◆ **DATA SHOWN**
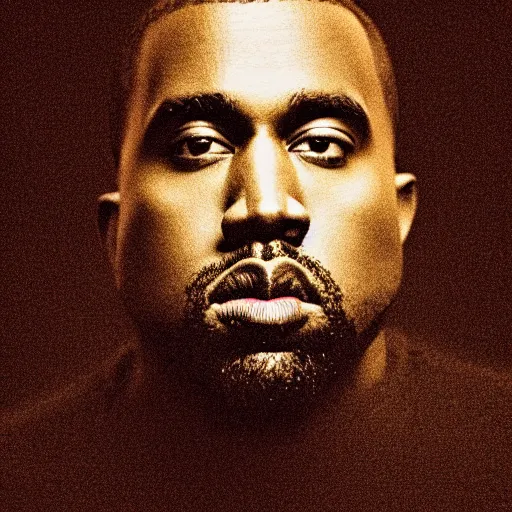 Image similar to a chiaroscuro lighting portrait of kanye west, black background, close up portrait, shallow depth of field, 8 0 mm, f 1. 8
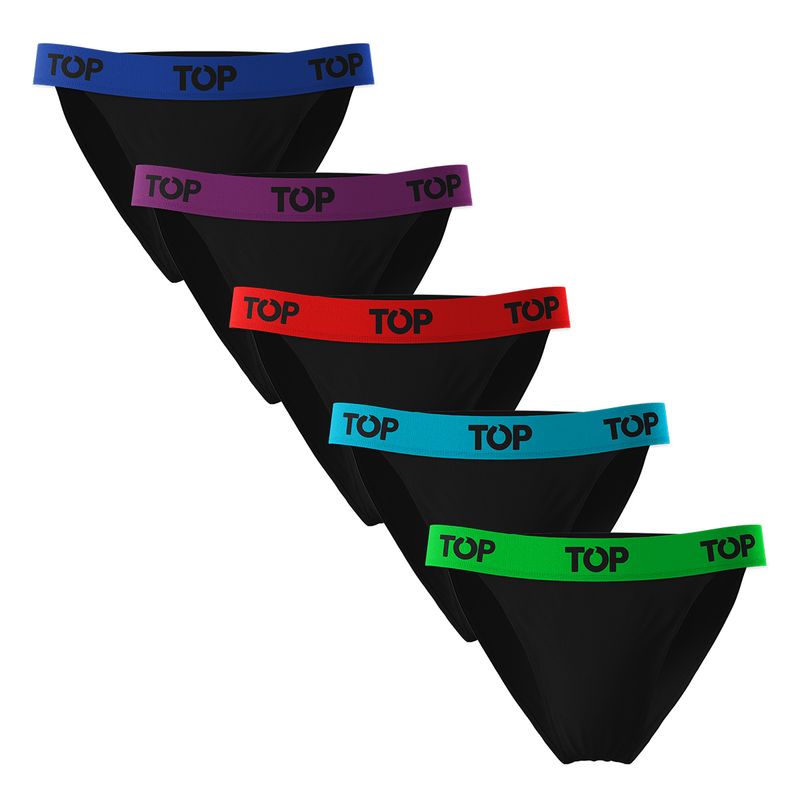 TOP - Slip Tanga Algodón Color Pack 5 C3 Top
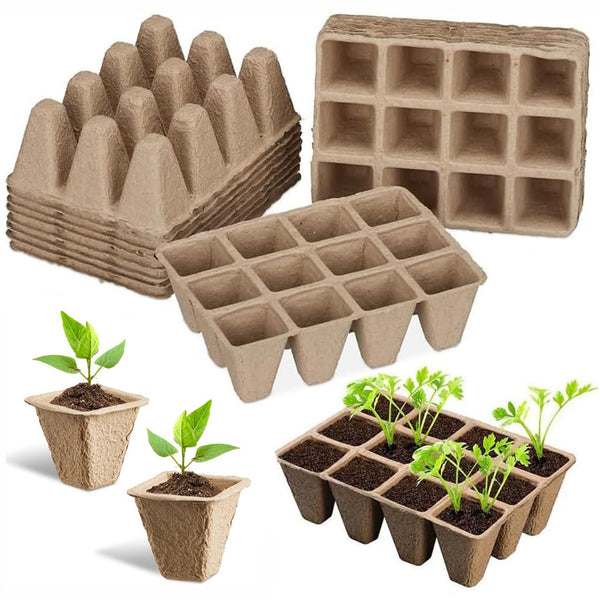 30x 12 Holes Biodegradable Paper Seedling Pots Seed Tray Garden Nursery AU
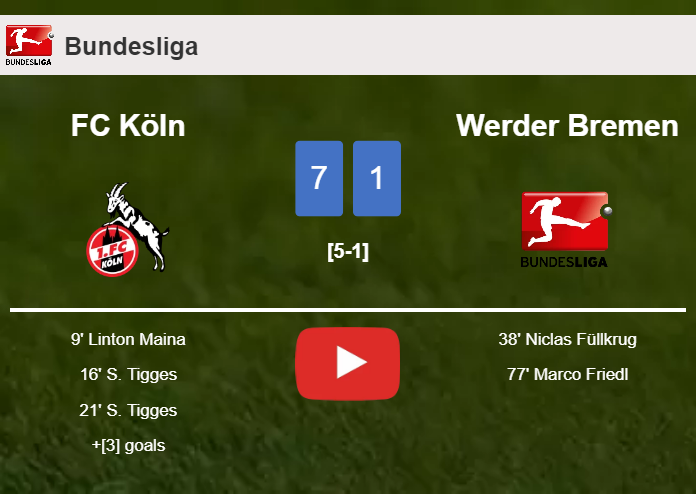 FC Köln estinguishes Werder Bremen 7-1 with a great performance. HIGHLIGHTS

◆ **TASK PROMPT**
Copy only this, please: the line with "TOP - Slip Tanga Algodón Color Pack 5 C3 Top" and every line after it through the end of the data, with no pictures.

◆ **RESULT**
 TOP - Slip Tanga Algodón Color Pack 5 C3 Top
 30x 12 Holes Biodegradable Paper Seedling Pots Seed Tray Garden Nursery AU
 FC Köln estinguishes Werder Bremen 7-1 with a great performance. HIGHLIGHTS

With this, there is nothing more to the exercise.